* RECORD EXTRACTS *
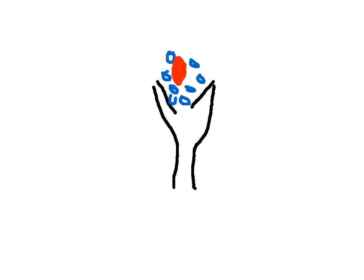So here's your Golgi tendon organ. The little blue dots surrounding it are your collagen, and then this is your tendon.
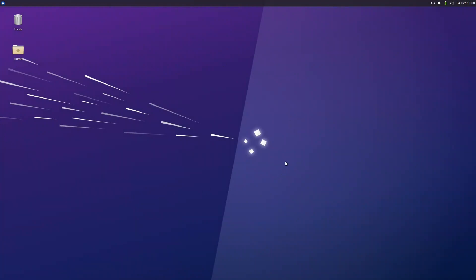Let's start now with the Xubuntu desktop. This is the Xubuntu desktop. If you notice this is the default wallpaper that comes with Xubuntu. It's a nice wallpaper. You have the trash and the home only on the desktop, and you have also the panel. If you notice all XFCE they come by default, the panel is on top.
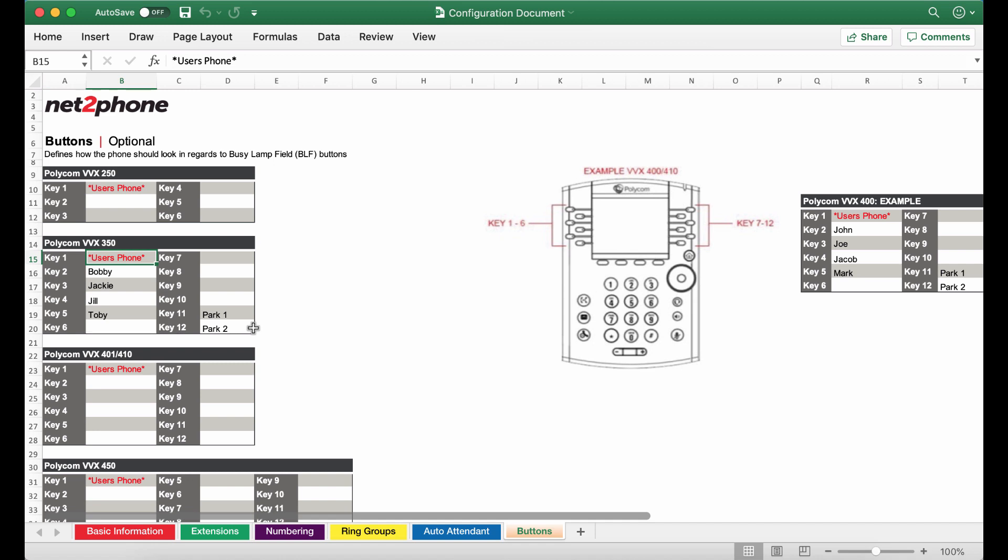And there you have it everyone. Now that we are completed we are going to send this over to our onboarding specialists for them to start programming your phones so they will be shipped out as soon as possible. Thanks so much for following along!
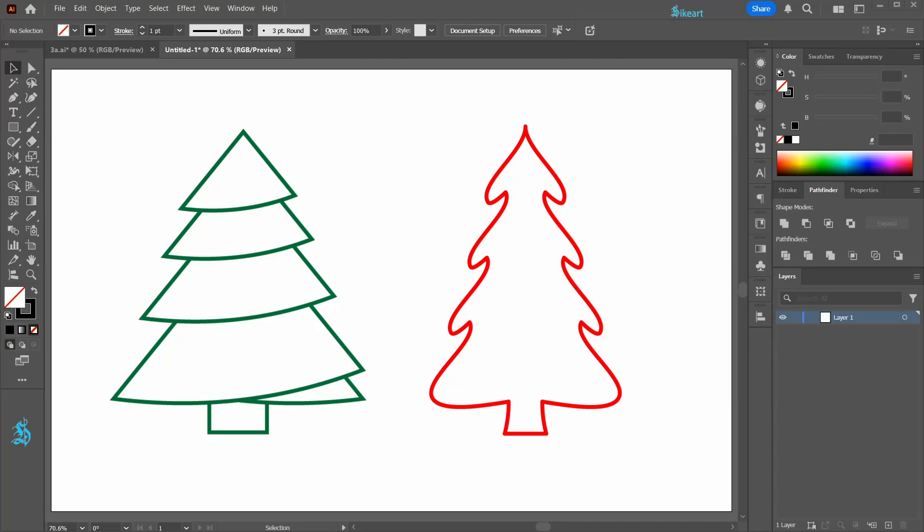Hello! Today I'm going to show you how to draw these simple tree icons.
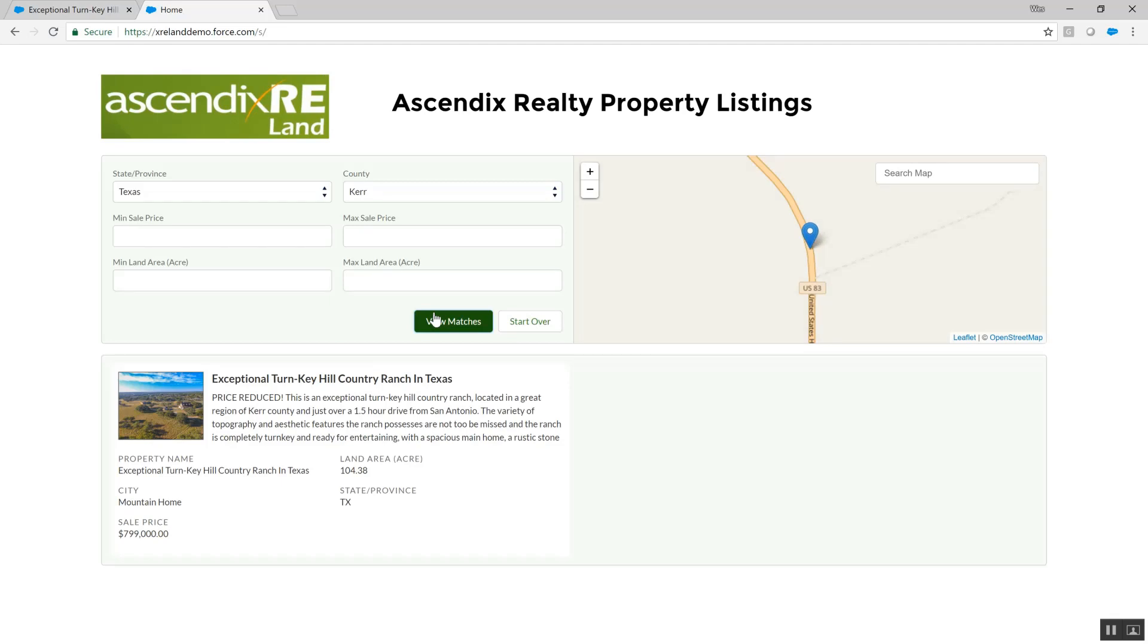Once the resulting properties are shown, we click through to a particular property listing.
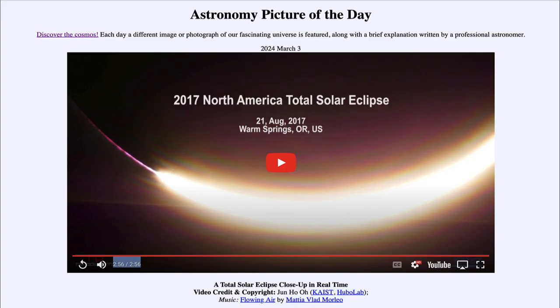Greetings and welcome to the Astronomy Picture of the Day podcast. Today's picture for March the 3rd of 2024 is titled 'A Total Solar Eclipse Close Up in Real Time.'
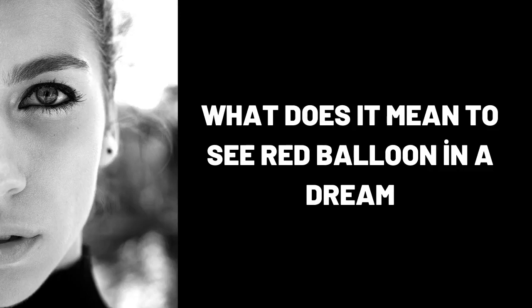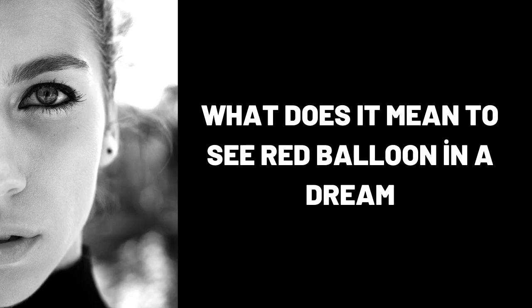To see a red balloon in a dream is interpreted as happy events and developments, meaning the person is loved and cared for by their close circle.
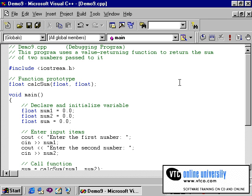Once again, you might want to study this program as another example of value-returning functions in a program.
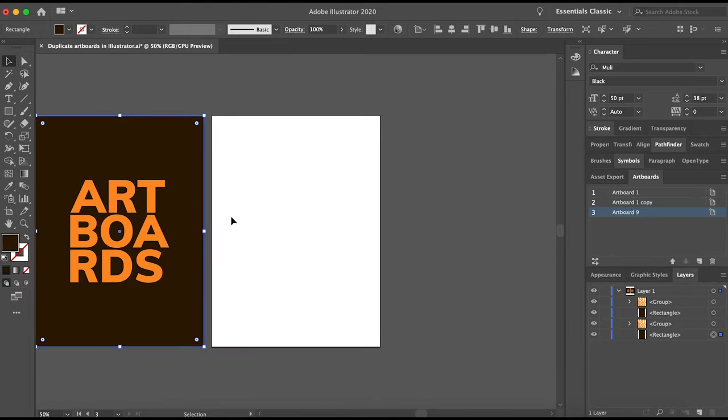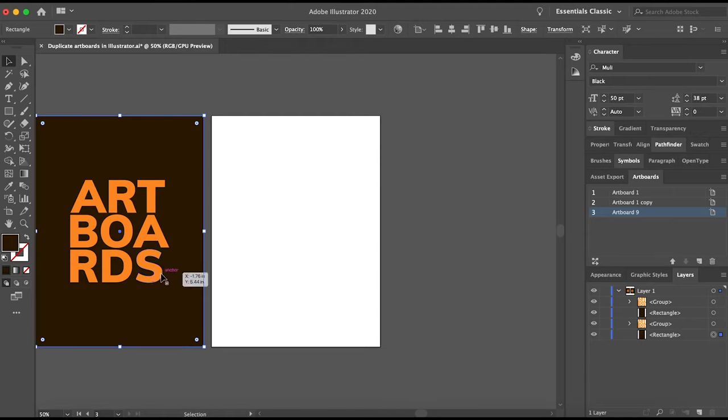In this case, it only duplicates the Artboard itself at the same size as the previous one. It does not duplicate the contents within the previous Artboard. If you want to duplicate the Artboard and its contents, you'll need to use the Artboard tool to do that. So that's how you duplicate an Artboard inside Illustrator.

* EXERCISE DETAILS *
An exact copy is needed of every line from the line containing "Hello! Today I'm" to the last line of the records; pictures stay out of it.

* EXERCISE RESULT *
Hello! Today I'm going to show you how to draw these simple tree icons.
Once the resulting properties are shown, we click through to a particular property listing.
Greetings and welcome to the Astronomy Picture of the Day podcast. Today's picture for March the 3rd of 2024 is titled 'A Total Solar Eclipse Close Up in Real Time.'
To see a red balloon in a dream is interpreted as happy events and developments, meaning the person is loved and cared for by their close circle.
Once again, you might want to study this program as another example of value-returning functions in a program.
In this case, it only duplicates the Artboard itself at the same size as the previous one. It does not duplicate the contents within the previous Artboard. If you want to duplicate the Artboard and its contents, you'll need to use the Artboard tool to do that. So that's how you duplicate an Artboard inside Illustrator.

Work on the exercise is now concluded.